Given data:
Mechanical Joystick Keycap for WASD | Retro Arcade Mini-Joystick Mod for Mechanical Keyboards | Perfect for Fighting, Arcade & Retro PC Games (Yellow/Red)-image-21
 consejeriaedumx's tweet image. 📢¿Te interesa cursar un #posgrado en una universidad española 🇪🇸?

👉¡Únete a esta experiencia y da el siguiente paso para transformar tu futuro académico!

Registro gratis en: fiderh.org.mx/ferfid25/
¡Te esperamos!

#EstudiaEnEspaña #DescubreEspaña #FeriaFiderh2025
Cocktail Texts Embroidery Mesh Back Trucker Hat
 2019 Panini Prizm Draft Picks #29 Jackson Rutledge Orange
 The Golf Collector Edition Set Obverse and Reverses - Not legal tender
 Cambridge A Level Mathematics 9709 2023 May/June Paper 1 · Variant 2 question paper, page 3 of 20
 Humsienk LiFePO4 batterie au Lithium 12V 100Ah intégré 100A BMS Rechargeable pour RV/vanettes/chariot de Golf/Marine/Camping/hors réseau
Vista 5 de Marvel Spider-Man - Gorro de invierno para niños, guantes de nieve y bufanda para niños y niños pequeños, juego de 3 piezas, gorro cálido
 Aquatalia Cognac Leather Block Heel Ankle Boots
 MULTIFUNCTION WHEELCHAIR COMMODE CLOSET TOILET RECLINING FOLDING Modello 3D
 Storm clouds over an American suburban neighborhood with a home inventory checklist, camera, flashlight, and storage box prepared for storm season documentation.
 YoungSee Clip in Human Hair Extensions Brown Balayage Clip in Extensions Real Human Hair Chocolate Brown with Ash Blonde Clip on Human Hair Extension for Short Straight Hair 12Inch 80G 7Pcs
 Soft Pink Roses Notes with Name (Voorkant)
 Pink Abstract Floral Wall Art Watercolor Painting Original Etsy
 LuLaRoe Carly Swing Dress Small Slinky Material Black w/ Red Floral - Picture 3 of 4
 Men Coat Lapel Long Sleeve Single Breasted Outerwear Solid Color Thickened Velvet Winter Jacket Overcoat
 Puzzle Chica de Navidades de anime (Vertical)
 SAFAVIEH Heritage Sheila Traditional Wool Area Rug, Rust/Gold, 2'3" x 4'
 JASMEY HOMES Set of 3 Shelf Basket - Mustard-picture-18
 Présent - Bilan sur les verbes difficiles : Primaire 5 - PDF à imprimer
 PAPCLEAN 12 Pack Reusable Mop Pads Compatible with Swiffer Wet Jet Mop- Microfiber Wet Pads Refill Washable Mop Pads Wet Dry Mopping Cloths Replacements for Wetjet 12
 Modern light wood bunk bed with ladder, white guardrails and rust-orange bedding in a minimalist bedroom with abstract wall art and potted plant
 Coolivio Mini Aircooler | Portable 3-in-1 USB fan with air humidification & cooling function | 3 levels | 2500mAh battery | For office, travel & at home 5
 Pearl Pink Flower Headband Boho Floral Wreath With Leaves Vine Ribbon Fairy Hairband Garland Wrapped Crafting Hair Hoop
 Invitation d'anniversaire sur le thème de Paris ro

Problem details: Return each line of the records above exactly as it reads.

Task output:
Mechanical Joystick Keycap for WASD | Retro Arcade Mini-Joystick Mod for Mechanical Keyboards | Perfect for Fighting, Arcade & Retro PC Games (Yellow/Red)-image-21
 consejeriaedumx's tweet image. 📢¿Te interesa cursar un #posgrado en una universidad española 🇪🇸?

👉¡Únete a esta experiencia y da el siguiente paso para transformar tu futuro académico!

Registro gratis en: fiderh.org.mx/ferfid25/
¡Te esperamos!

#EstudiaEnEspaña #DescubreEspaña #FeriaFiderh2025
Cocktail Texts Embroidery Mesh Back Trucker Hat
 2019 Panini Prizm Draft Picks #29 Jackson Rutledge Orange
 The Golf Collector Edition Set Obverse and Reverses - Not legal tender
 Cambridge A Level Mathematics 9709 2023 May/June Paper 1 · Variant 2 question paper, page 3 of 20
 Humsienk LiFePO4 batterie au Lithium 12V 100Ah intégré 100A BMS Rechargeable pour RV/vanettes/chariot de Golf/Marine/Camping/hors réseau
Vista 5 de Marvel Spider-Man - Gorro de invierno para niños, guantes de nieve y bufanda para niños y niños pequeños, juego de 3 piezas, gorro cálido
 Aquatalia Cognac Leather Block Heel Ankle Boots
 MULTIFUNCTION WHEELCHAIR COMMODE CLOSET TOILET RECLINING FOLDING Modello 3D
 Storm clouds over an American suburban neighborhood with a home inventory checklist, camera, flashlight, and storage box prepared for storm season documentation.
 YoungSee Clip in Human Hair Extensions Brown Balayage Clip in Extensions Real Human Hair Chocolate Brown with Ash Blonde Clip on Human Hair Extension for Short Straight Hair 12Inch 80G 7Pcs
 Soft Pink Roses Notes with Name (Voorkant)
 Pink Abstract Floral Wall Art Watercolor Painting Original Etsy
 LuLaRoe Carly Swing Dress Small Slinky Material Black w/ Red Floral - Picture 3 of 4
 Men Coat Lapel Long Sleeve Single Breasted Outerwear Solid Color Thickened Velvet Winter Jacket Overcoat
 Puzzle Chica de Navidades de anime (Vertical)
 SAFAVIEH Heritage Sheila Traditional Wool Area Rug, Rust/Gold, 2'3" x 4'
 JASMEY HOMES Set of 3 Shelf Basket - Mustard-picture-18
 Présent - Bilan sur les verbes difficiles : Primaire 5 - PDF à imprimer
 PAPCLEAN 12 Pack Reusable Mop Pads Compatible with Swiffer Wet Jet Mop- Microfiber Wet Pads Refill Washable Mop Pads Wet Dry Mopping Cloths Replacements for Wetjet 12
 Modern light wood bunk bed with ladder, white guardrails and rust-orange bedding in a minimalist bedroom with abstract wall art and potted plant
 Coolivio Mini Aircooler | Portable 3-in-1 USB fan with air humidification & cooling function | 3 levels | 2500mAh battery | For office, travel & at home 5
 Pearl Pink Flower Headband Boho Floral Wreath With Leaves Vine Ribbon Fairy Hairband Garland Wrapped Crafting Hair Hoop
 Invitation d'anniversaire sur le thème de Paris ro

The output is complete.